Database Anti-Pattern: Recursive Network Select
Recursive Network Select is a pattern that occurs when a program makes a call to a database returning a resultset and then as it loops through that resultset it makes a call to the database for each record as it loops through the resultset. In extreme cases, the program will add additional levels of recursion while looping through the resultsets returned as a result of the calls made while looping through the initial resultset.
Here is a typical example: The program retrieves a list of customers in the database. Then to get a list of orders placed by each customer the program will loop through the customers and for each customer it will query the database to get a list of orders placed for that customer. In the extreme cases, the order itself doesn’t contain all of the necessary information, so the program will then loop through each order and send another query to the database to get the list of products in each order.

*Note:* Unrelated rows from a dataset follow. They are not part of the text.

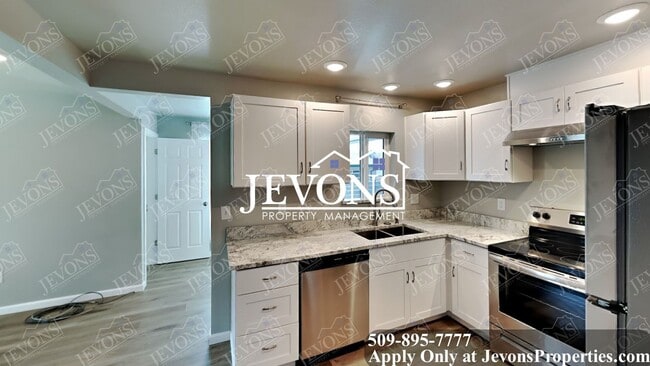 Building Photo - Explore this attractive property in Yakima with 3 bedrooms and 1 bathroom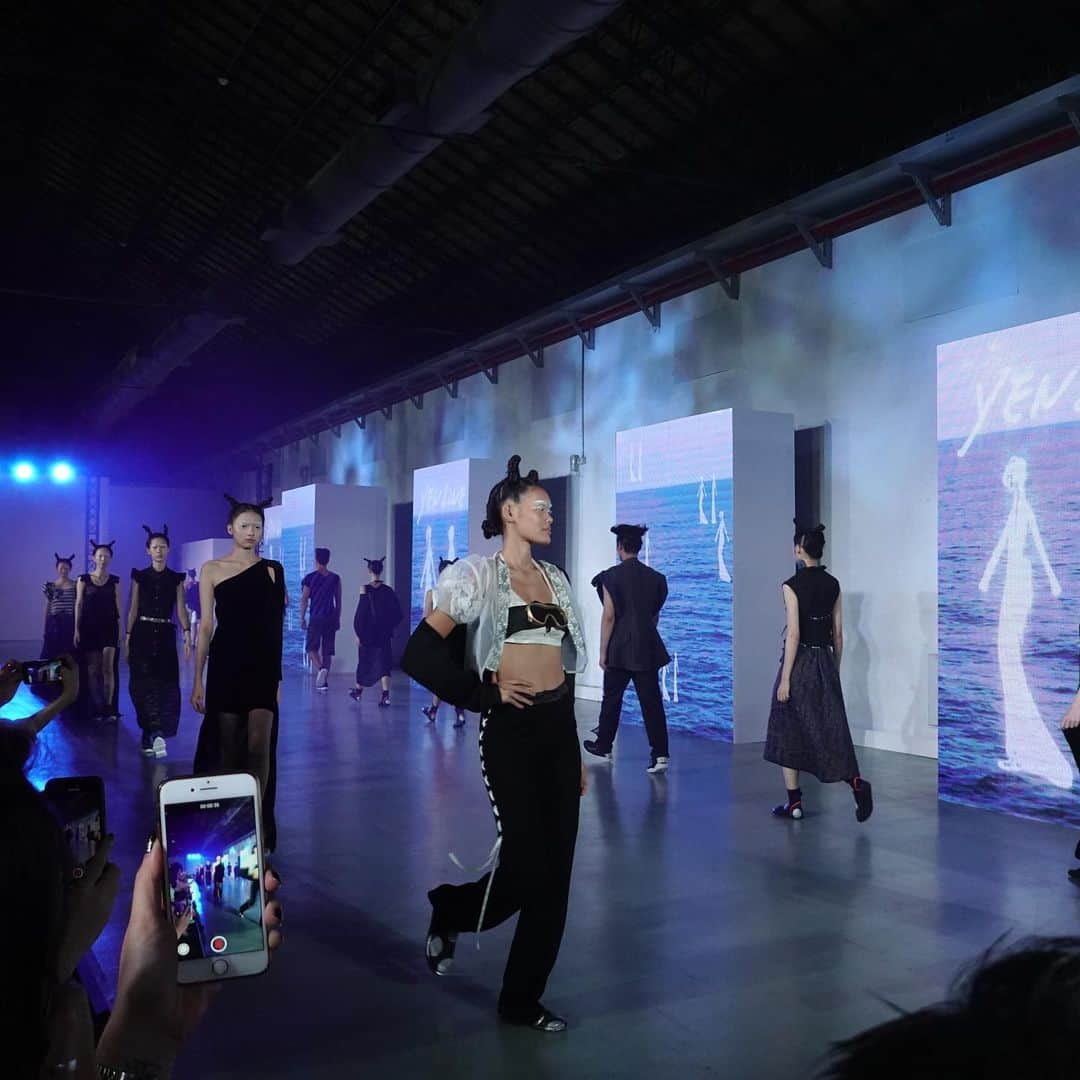 林信行さんのインスタグラム写真 - (林信行Instagram)「#taipeifashionweek day 2 独特の世界観作るけど1つ1つちゃんと見ると案外普通に日常使いもできそうな #YenLing シンプルな色合いだけど、よく見るとそこまでシンプルとは限らずヒトひねりが見えてくる　#Dleet」10月7日 11時21分 - nobihaya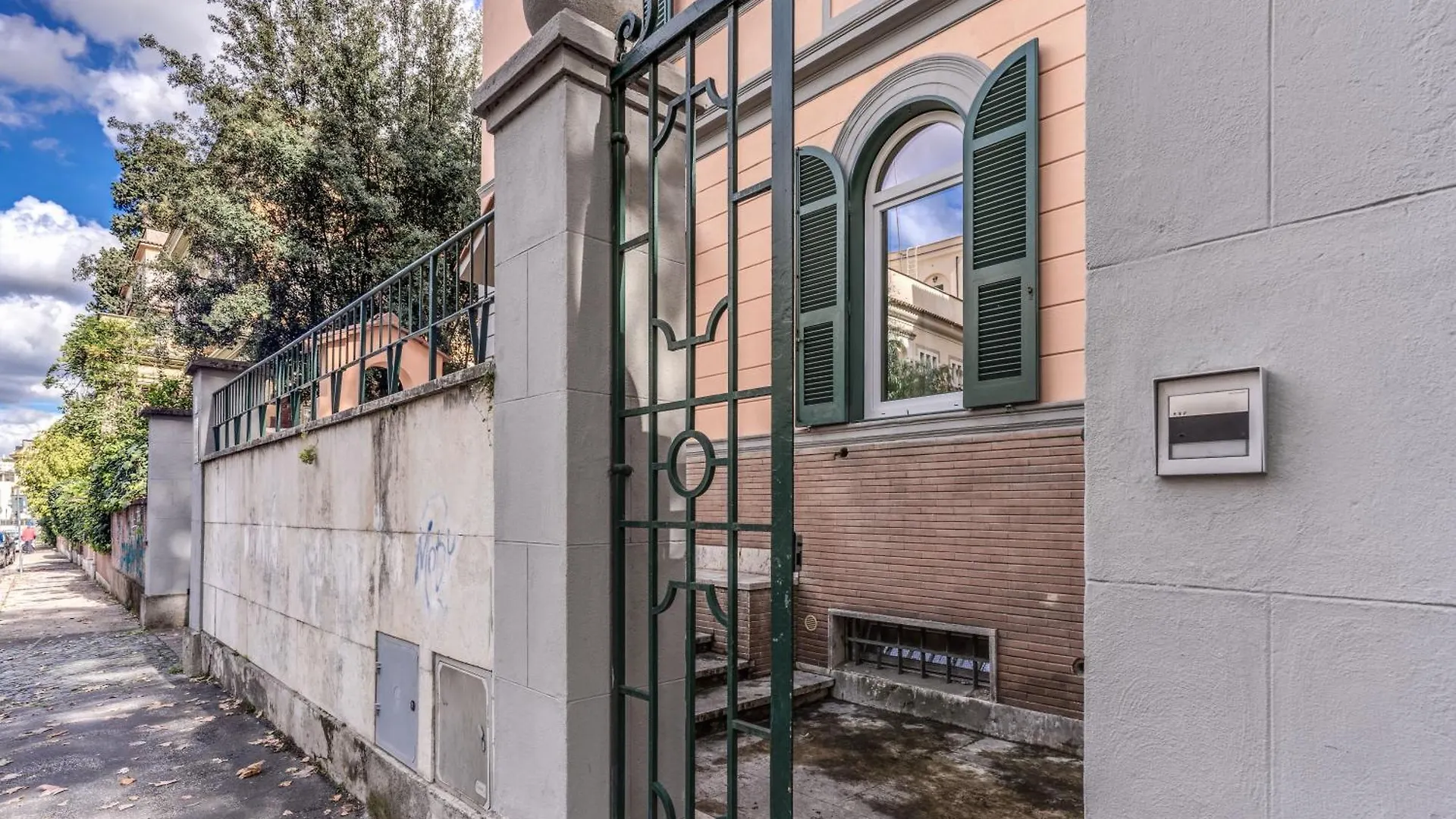 V E N E R E Apartments Rome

Why is a Recursive Network Select bad? Let’s look at some of the numbers.
One hundred customers, each with an average of three orders, and each order averaging three products.
- One query to get the customer list
- One hundred queries to get the orders for each customer
- Three hundred queries to get the product list for each order
That’s a total of four hundred and one queries. Each of those queries is composed of the following steps (simplified, there are actually many more steps than this):
- Open a connection to the server (some languages/frameworks retain persistent database connections)

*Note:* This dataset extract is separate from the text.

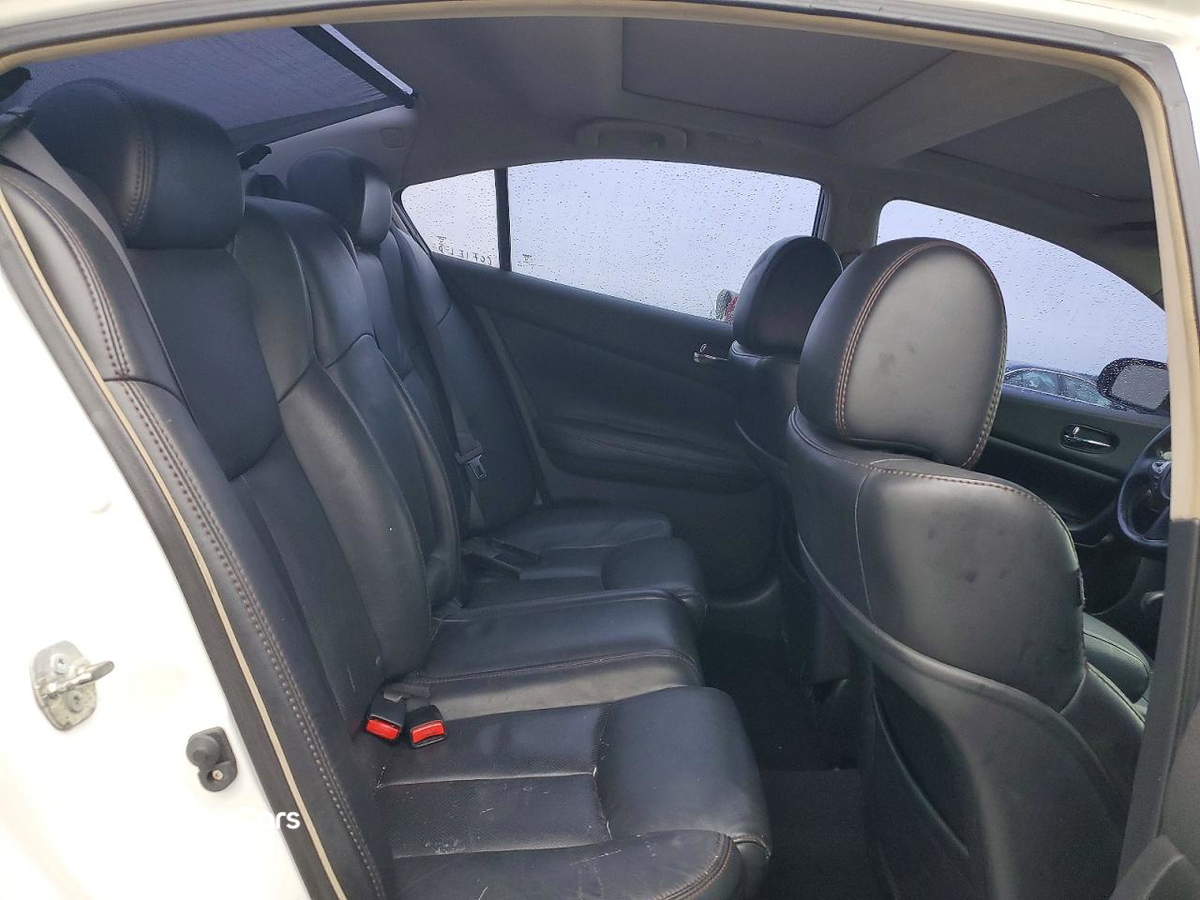 Nissan Maxima 2013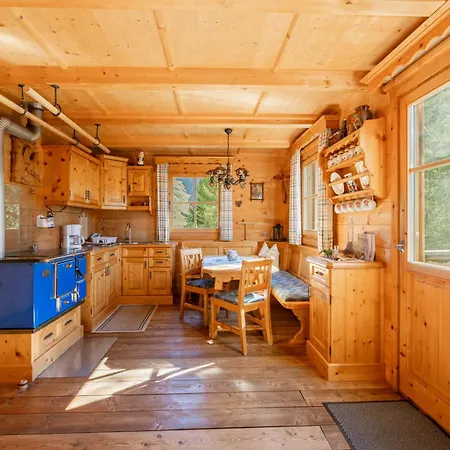 Wallnerhuette I Almblick *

- Transmit your query across the wire to the database server
- The database server parses and tokenizes the query
- After processing the query the database server comes up with a query plan to fetch the data
- Indexes are traversed, identifying rows that qualify for inclusion
- The server positions the read/write heads to gather the data from disk
- The server reads all of the data from disk assembling the resultset
- Criteria are used to exclude data from the resultset based on the where clause
- The final resultset is packaged up and shipped back across the wire to your program (optionally closing the connection when finished)
- Your program processes the resultset and makes it available to user level code for processing
If each query ran in 100 milliseconds, it would still take 41 seconds to process that resultset. The reality is that the total round trip time for those queries would be closer to 200 to 300 ms even if the query itself ran in 100 milliseconds. Each query comes with non-optimizable network overhead. That’s with only one hundred customers, the page load time increases with each customer and order added. Imagine this with system dealing with many thousands of customers.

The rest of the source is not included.